● **EXERCISE DETAILS**: Write the entries below out again exactly, but skip the pictures.

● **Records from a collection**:
+++++

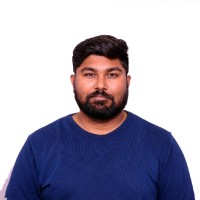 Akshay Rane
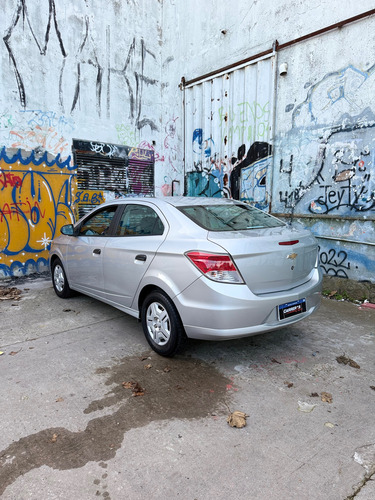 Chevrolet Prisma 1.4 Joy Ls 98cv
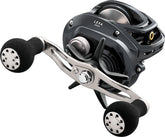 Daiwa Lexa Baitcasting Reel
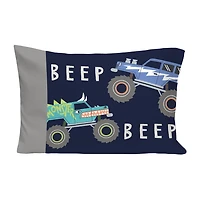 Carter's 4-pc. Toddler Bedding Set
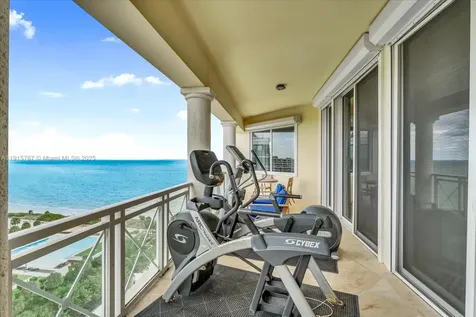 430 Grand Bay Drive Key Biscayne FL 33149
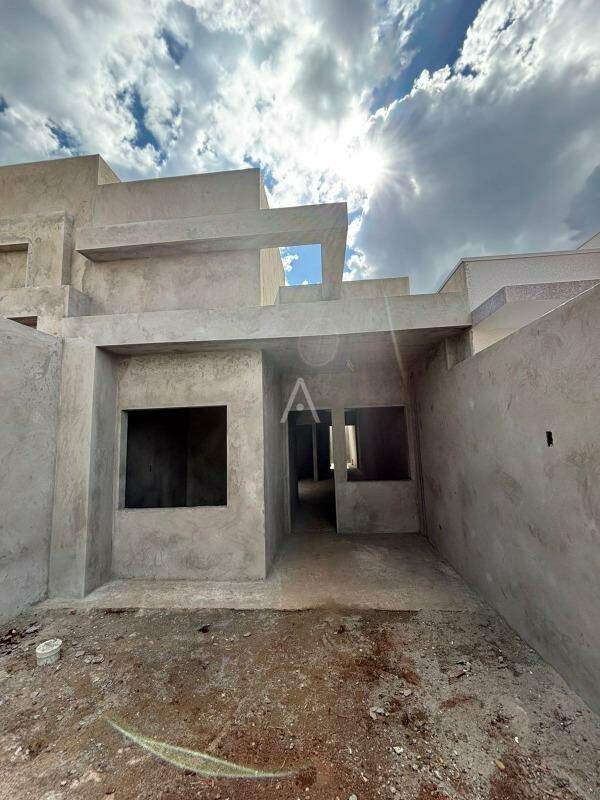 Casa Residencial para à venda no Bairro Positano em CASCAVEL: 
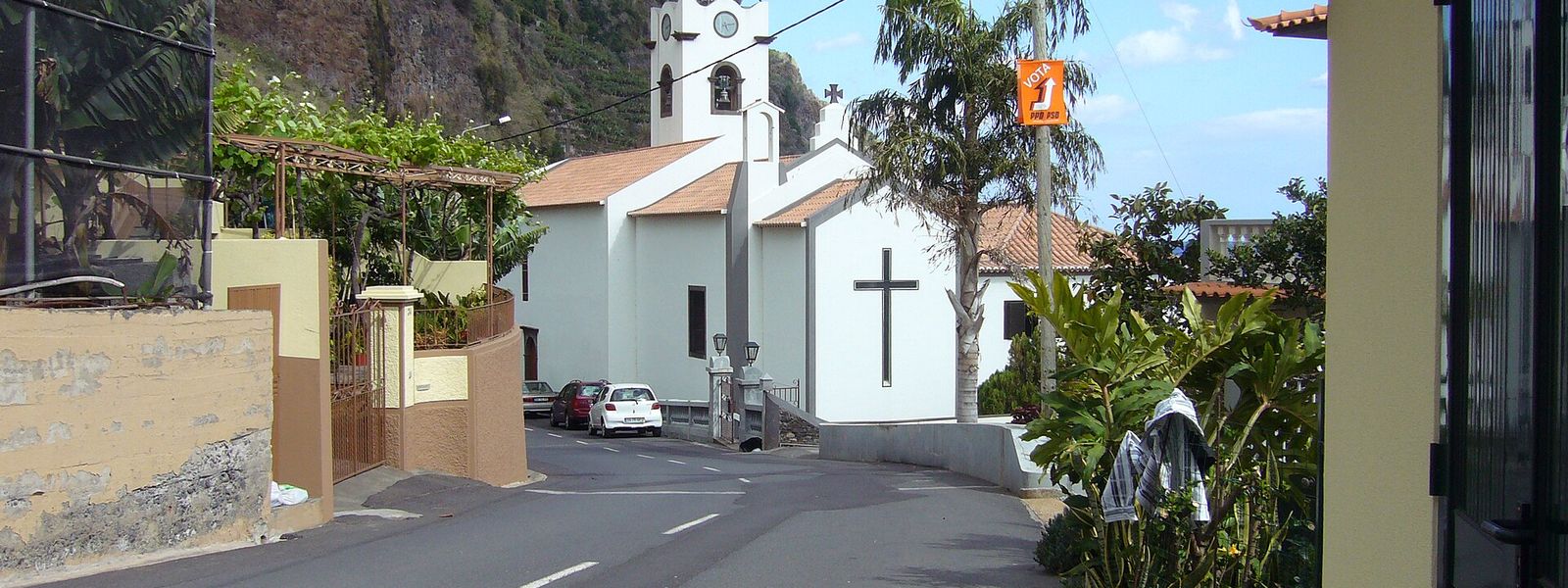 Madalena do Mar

+++++

● **ANSWER SECTION**:
 Akshay Rane
 Chevrolet Prisma 1.4 Joy Ls 98cv
 Daiwa Lexa Baitcasting Reel
 Carter's 4-pc. Toddler Bedding Set
 430 Grand Bay Drive Key Biscayne FL 33149
 Casa Residencial para à venda no Bairro Positano em CASCAVEL: 
 Madalena do Mar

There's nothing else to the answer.